Over a year ago, I volunteered to escort the remains of Marines killed in Iraq should the need arise. The military provides a uniformed escort for all casualties to ensure they are delivered safely to the next of kin and are treated with dignity and respect along the way. Thankfully, I hadn’t been called on to be an escort since Operation Iraqi Freedom began. The first few weeks of April, however, had been a tough month for the Marines.

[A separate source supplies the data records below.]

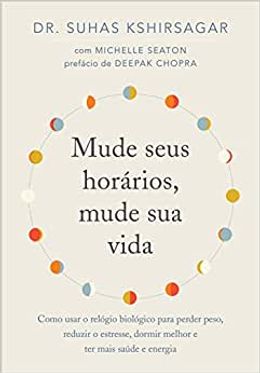 Mude seus horários, mude sua vida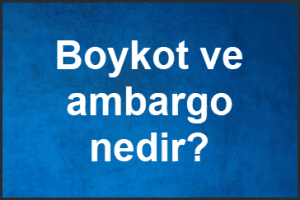 Boykot ve ambargo nedir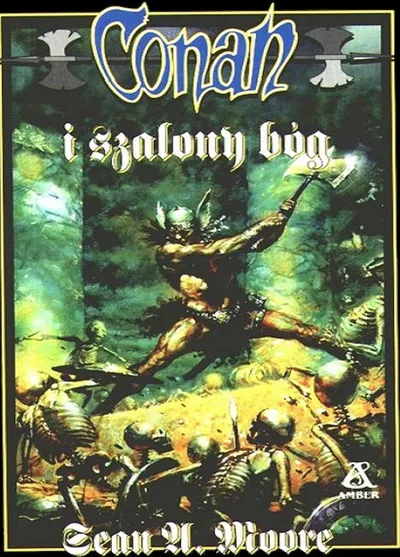 Conan i Szalony Bóg. Conan Barbarzyńca (Tom 47) - Sean A. Moore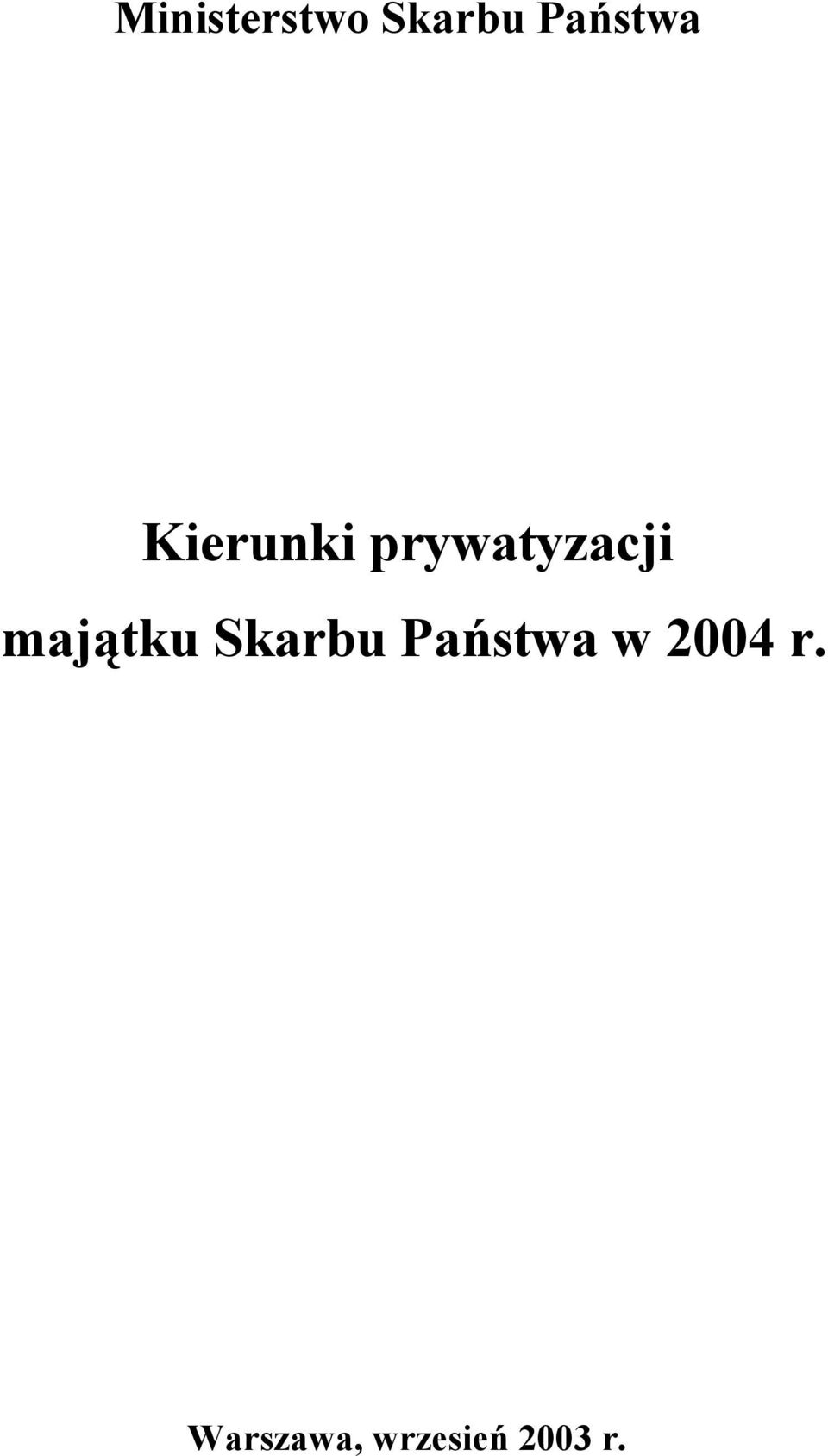 majątku Skarbu Państwa w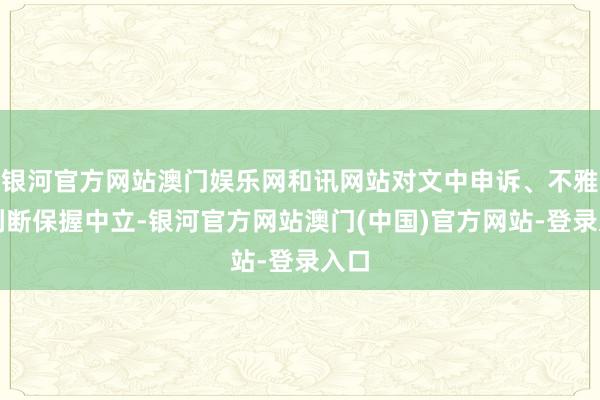 银河官方网站澳门娱乐网和讯网站对文中申诉、不雅点判断保握中立-银河官方网站澳门(中国)官方网站-登录入口
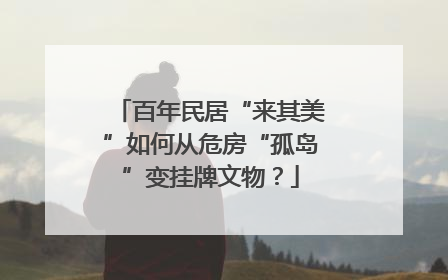 百年民居“来其美”如何从危房“孤岛”变挂牌文物？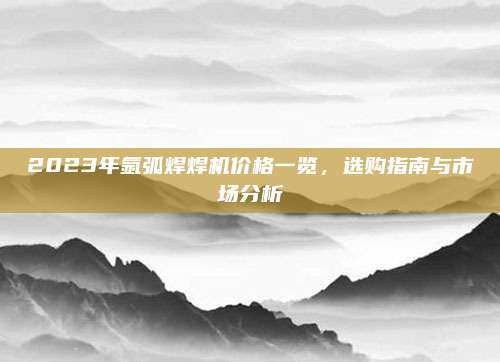 2023年氩弧焊焊机价格一览，选购指南与市场分析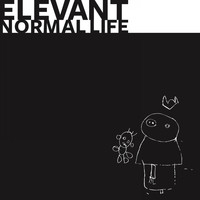 Elevant - Normal Life
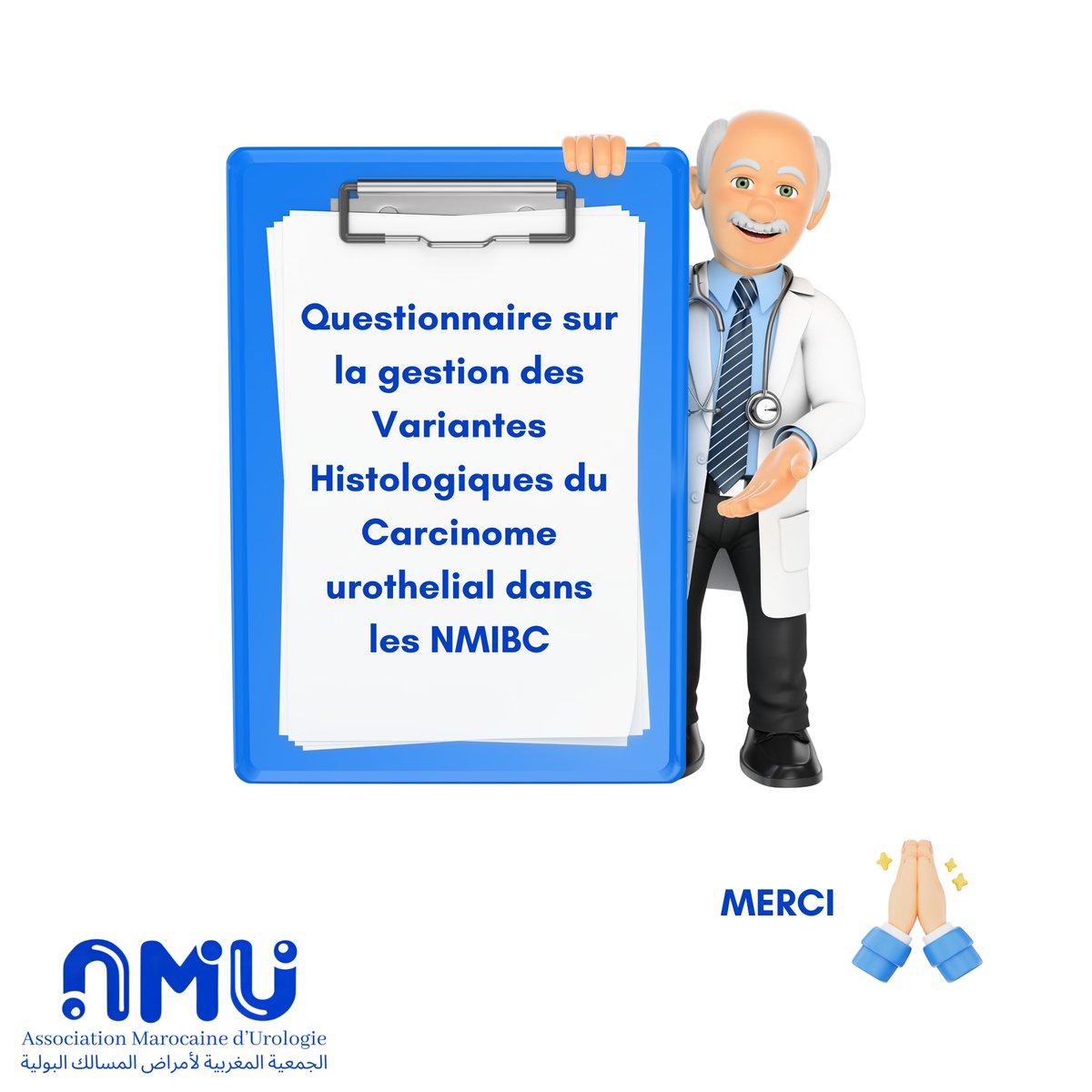 Chers #Urologues
🌟 Prenez 2 minutes pour remplir notre #questionnaire : gestion des #Variantes #Histologiques du #Carcinome #Urothélial dans les #NMIBC. 
Vos réponses feront avancer la #recherche et les pratiques médicales ! 🩺💡
👉 [lnkd.in/ePeT4Unh]
#amumaroc #amu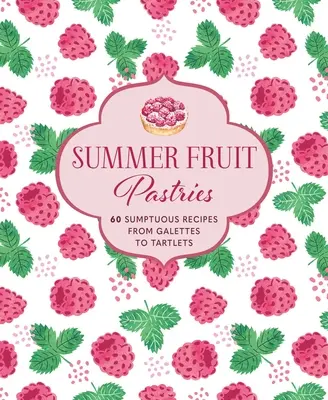 Nyári gyümölcsös sütemények: 60 pompás recept a galette-től a tortácskákig - Summer Fruit Pastries: 60 Sumptuous Recipes from Galettes to Tartlets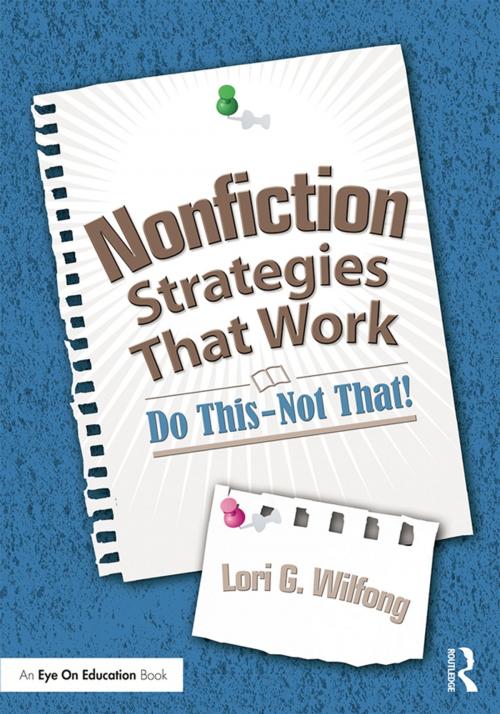 Cover of the book Nonfiction Strategies That Work by Lori G. Wilfong, Taylor and Francis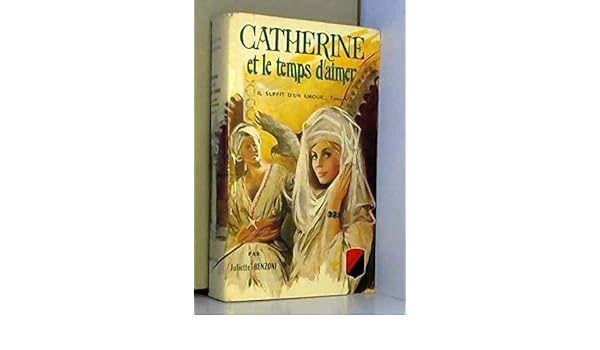 Il Suffit Dun Amour Tome 5 Catherine Et Le Temps Daimer - 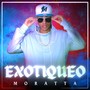 Exotiqueo (Explicit)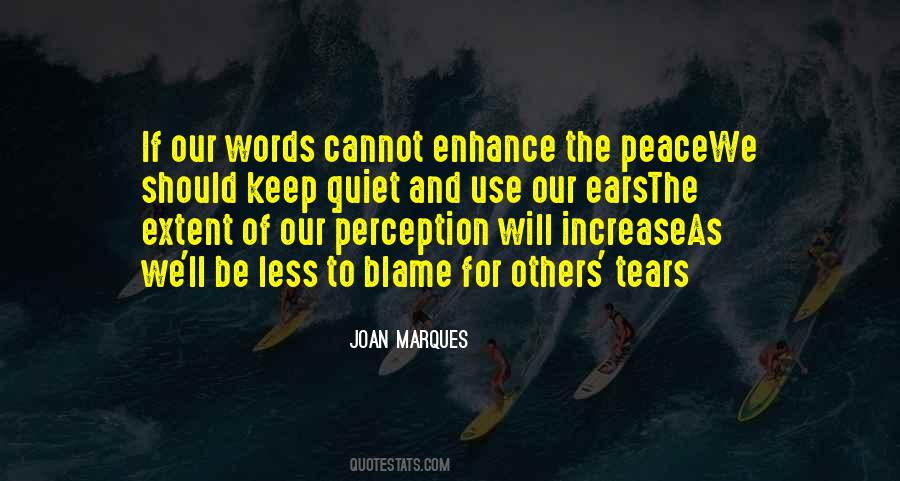 Peace Quiet Quotes #757200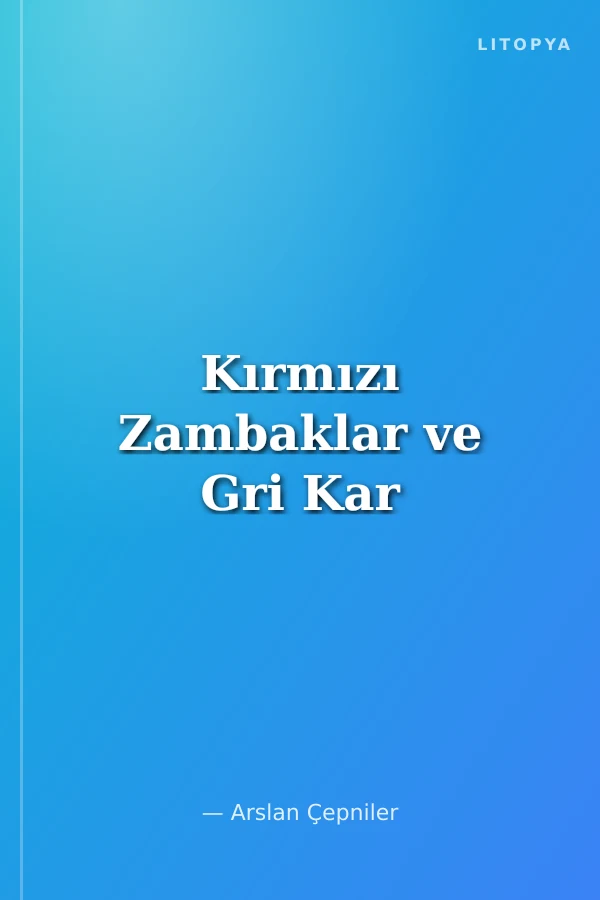 Kırmızı Zambaklar ve Gri Kar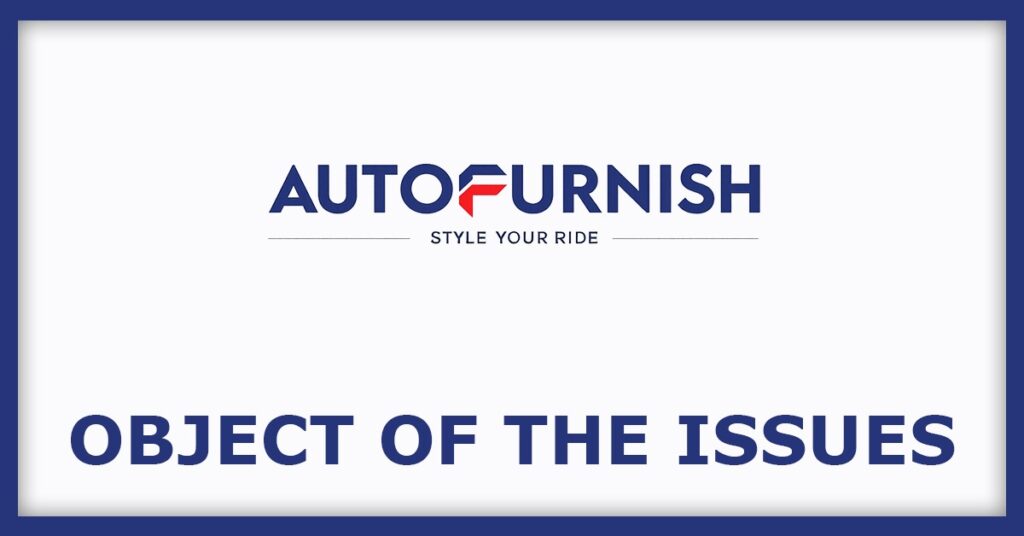 Autofurnish IPO
Object of the Issues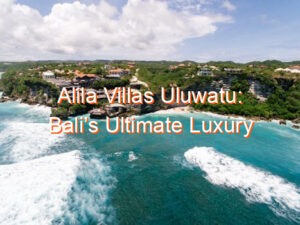 Alila Villas Uluwatu: Bali’s Ultimate Luxury Haven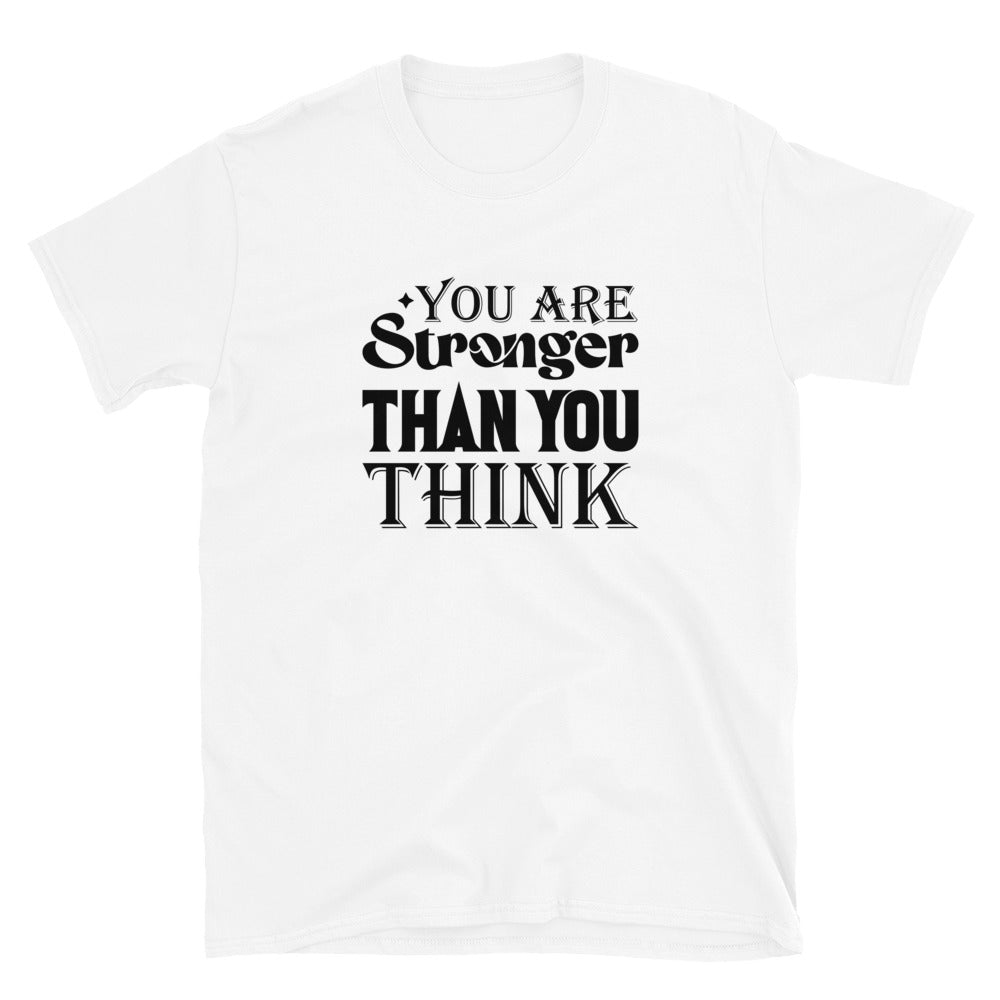 You Are Stronger Than You Think - Short-Sleeve Unisex T-Shirt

On the Monday after Easter I was reviewing Department of Defense press releases when I saw that a Private First Class Chance Phelps was killed in action outside of Baghdad. The press release listed his hometown the same town I m from. I notified our Battalion adjutant and told him that, should the duty to escort PFC Phelps fall to our Battalion, I would take him. I didn’t hear back the rest of Monday and all day Tuesday until 1800. The Battalion duty NCO called my cell phone and said I needed to be ready to leave for Dover Air Force Base at 1900 in order to escort the remains of PFC Phelps.

Before leaving for Dover I called the major who had the task of informing Phelps’s parents of his death. The major said the funeral was going to be in Dubois, Wyoming. (It turned out that PFC Phelps only lived in my hometown for his senior year of high school.) I had never been to Wyoming and had never heard of Dubois.

With two other escorts from Quantico, I got to Dover AFB at 2330 on Tuesday night. First thing on Wednesday we reported to the mortuary at the base. In the escort lounge there were about half a dozen Army soldiers and about an equal number of Marines waiting to meet up with their remains for departure. PFC Phelps was not ready, however, and I was told to come back on Thursday.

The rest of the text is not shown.